I am trying to build consciousness in artificial intelligence. The general mechanism is that agent (randomly or based on some preexisting knowledge) performs some actions (gets some knowledge, makes some plan, performs physical action or mental action, communicates with other agents, invents new actions, improves itself, etc., etc.) and then gets rewarded for its action. The reward can be immediate. The reward can be delayed and sparse (e.g. only after completing a very long, nondeterministally long sequence of actions), but still - there is exploration-action-reward-improvement (learning) cycle that is repeated again and again. All is very simple if the agent has a clear set of preferences and the agent acts in a utilitarian framework. Then such agents can achieve anything that is possible in the Universe. There is one (out of many examples), how a robot with such a cycle http://robotics.sciencemag.org/content/4/26/eaau9354 got self-knowledge.

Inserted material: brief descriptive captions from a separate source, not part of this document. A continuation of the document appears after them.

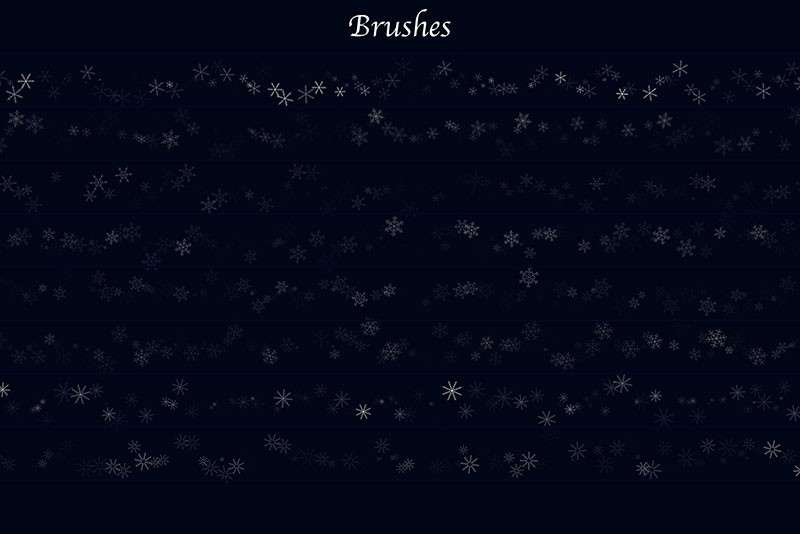 Photoshop雪花冰花笔刷和图案套装 笔刷资源 sucaiwan.com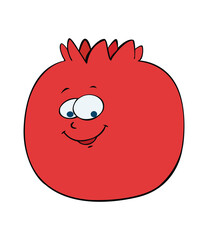 Cartoon pomegranate isolated on white background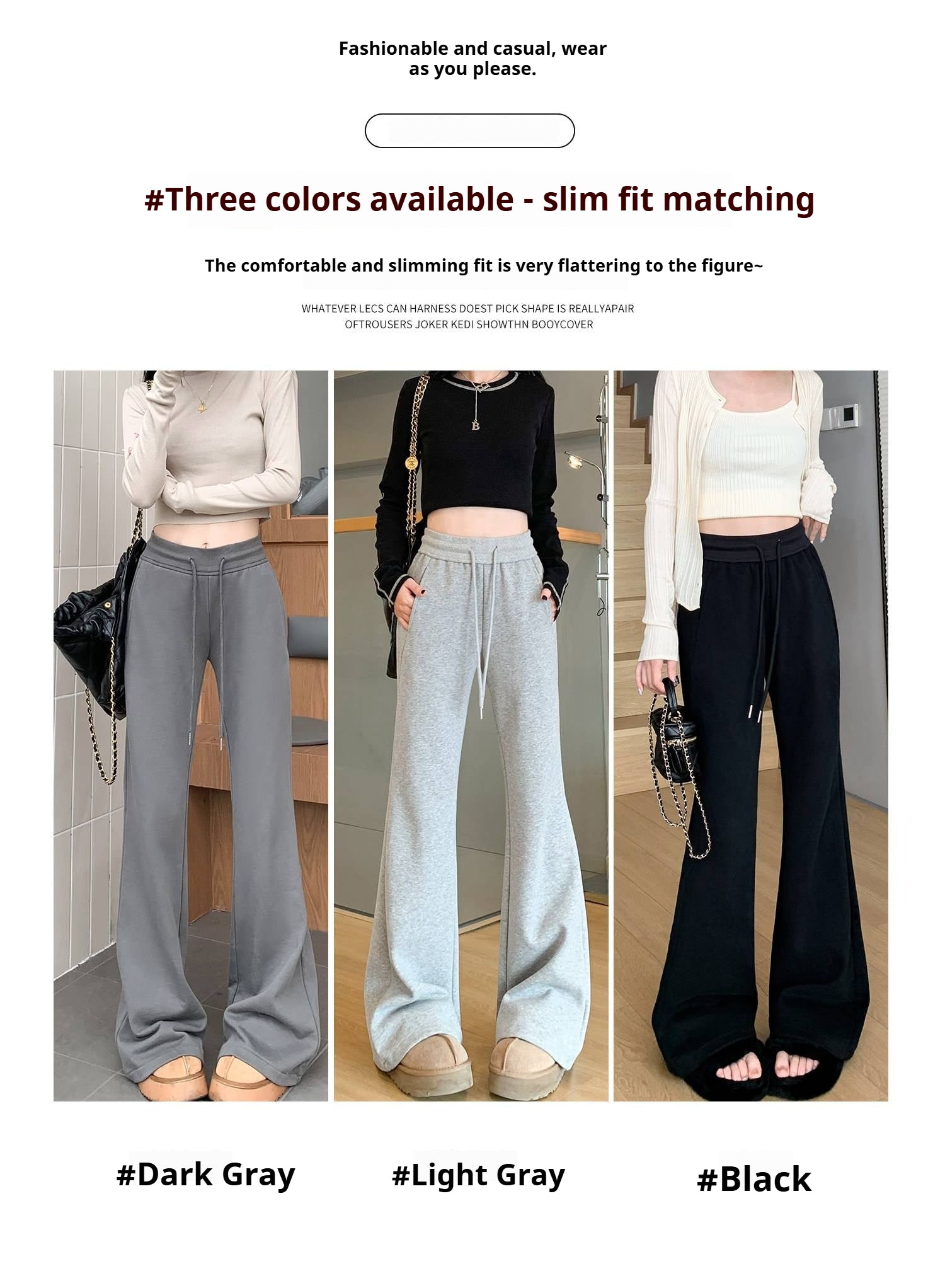 Gray Wide-Leg Fleece Sweatpants for Women – 2025 Winter Thickened Micro-Flared Casual Pants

My question is - is there anything in philosophy that is going beyond this exploration+reward cycle? Can all the epistemology be cast in this exploration+RL approach? If it is not possible, then, please, mention the concepts in epistemology that could not be modeled in exploration+RL paradigm?
Of course, this applies both to individuals and societies, and this paradigm can capture the emotional, non-rational behavior as well and the changing, undeterministic sets of preferences as well. So - I am seeking something really, really apart! Even the religions use this reward concept.